In Ashmont, the conversation around planning has taken a different tack. While the civic groups continue to plug along as they face a variety of projects – including the rebuilding of the fire-gutted and demolished Treadmark and a proposed 40-unit mixed-use building pitched for the Talbot Avenue home of an Evangelical Lutheran Church, Greater Ashmont Main Street is charting a proactive path toward development along the Dorchester Avenue corridor.

The main street group is cataloguing all of the properties in its district for historical significance and codifying the group’s position for the development of these parcels. They arranged for a traffic study along the Dorchester Avenue stretch, confident that the city will not dedicate significant planning resources in their territory.

Connecting either end of the neighborhoods, the transportation spines of Dorchester and Mattapan saw some twists and turns in 2017. Opposition to a proposed lane drop in the long-awaited Morrissey Boulevard renovation has pushed the design phase back as planners re-presented the project to local civic groups.

Fairmount Line riders are on a bit of a rollercoaster with the line. While the on-time rate for the 9.2-mile commuter rail route is now consistently excellent after an embarrassing late 2016, transit advocates pushed back unsuccessfully against a pilot program that will extend Fairmount and Franklin Line service down to Foxborough. Meanwhile, Blue Hill Avenue station, the fourth and final promised new stop on the line that will connect Mattapan residents, is under construction.

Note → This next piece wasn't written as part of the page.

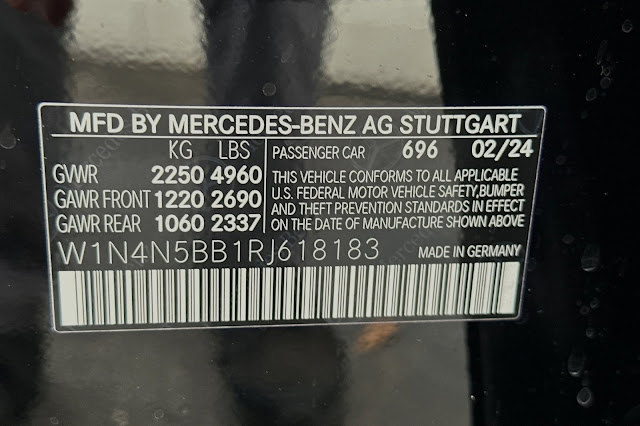 2024 Mercedes Benz GLA GLA 35 AMG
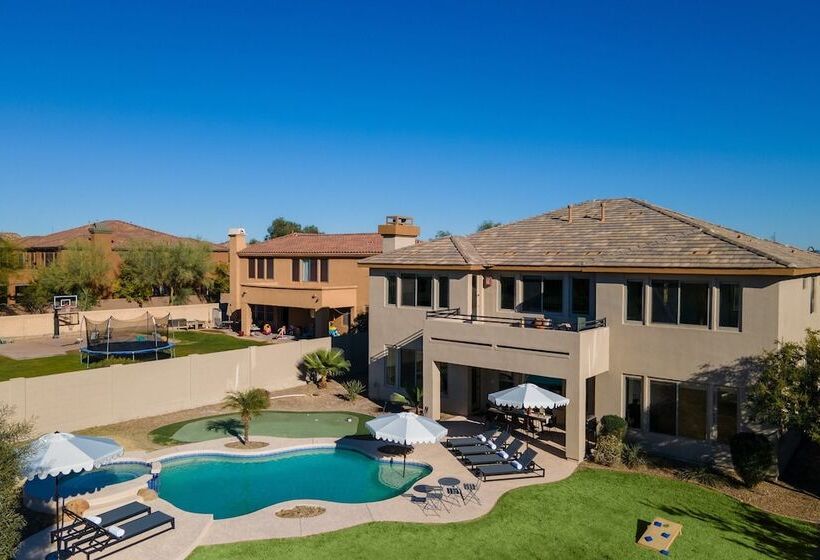 Aviano By Avantstay Phoenix Is Calling W Pool Hot Tub Game Room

Local officials explored some innovative solutions to the Fairmount’s long-time woes – it operates solely within city limits, but with the frequency of a commuter rail train – among them them the possibility of a making it more like a rapid-transit line. State Rep. Evandro Carvalho filed a bill for a two-year pilot for such a model, and the city council passed a resolution in support of his bid. Mayor Martin Walsh later floated an amended version of the pilot for a shorter amount of time and using trains already available to align the proposal with MBTA pilot guidelines.

Last spring, US Rep. Michael Capuano dedicated $53,000 of his campaign funds for a two-week free ridership trial for Fairmont riders only to see the numbers drop off as construction on the new Mattapan station began to reroute riders by other transit.

The Mattapan High-Speed Trolleys gathered attention with elected officials doubling down on their interest in keeping the cars up and running and the MBTA committing $7.9 million to a repair project that will keep the PCC fleet operational while a review of the line continues into 2018.

Movement around the trolley’s Mattapan terminus is starting to take shape. The city is in receipt of an ambitious plan to transform the T’s parking lot there into a development comprising 135 housing units and expansive retail and community space in an area where the new Neponset Greenway connection links Mattapan with neighboring Milton via a key multi-modal pathway complete with statement bridges across the Neponset River and over the trolley tracks.